Top of RECORDS PROVIDED
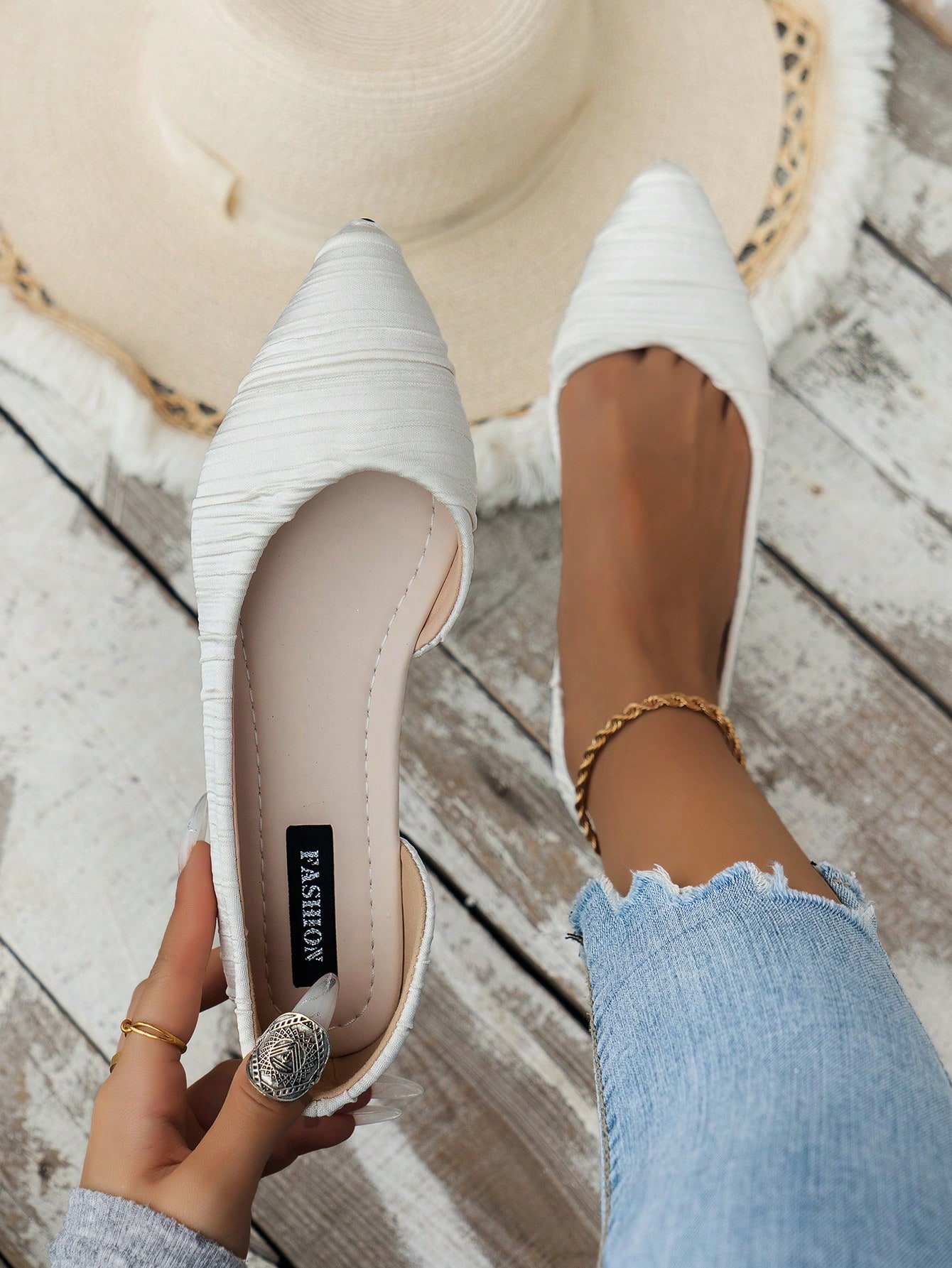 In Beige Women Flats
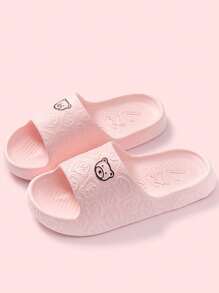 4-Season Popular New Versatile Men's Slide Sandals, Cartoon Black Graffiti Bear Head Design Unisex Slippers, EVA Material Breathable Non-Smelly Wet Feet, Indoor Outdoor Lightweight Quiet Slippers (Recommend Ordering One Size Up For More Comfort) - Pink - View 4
Bottom of RECORDS PROVIDED
Top of RECORDS PROVIDED
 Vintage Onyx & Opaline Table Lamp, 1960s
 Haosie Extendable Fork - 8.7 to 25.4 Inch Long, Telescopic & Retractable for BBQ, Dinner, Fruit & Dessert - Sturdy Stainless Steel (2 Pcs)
Bottom of RECORDS PROVIDED
### REQUIRED WORK
Only the lines above from the one containing "In Beige Women Flats" through the one containing "4-Season Popular New" should be returned, verbatim and inclusive, with pictures excluded.

### EXERCISE OUTPUT
 In Beige Women Flats
 4-Season Popular New Versatile Men's Slide Sandals, Cartoon Black Graffiti Bear Head Design Unisex Slippers, EVA Material Breathable Non-Smelly Wet Feet, Indoor Outdoor Lightweight Quiet Slippers (Recommend Ordering One Size Up For More Comfort) - Pink - View 4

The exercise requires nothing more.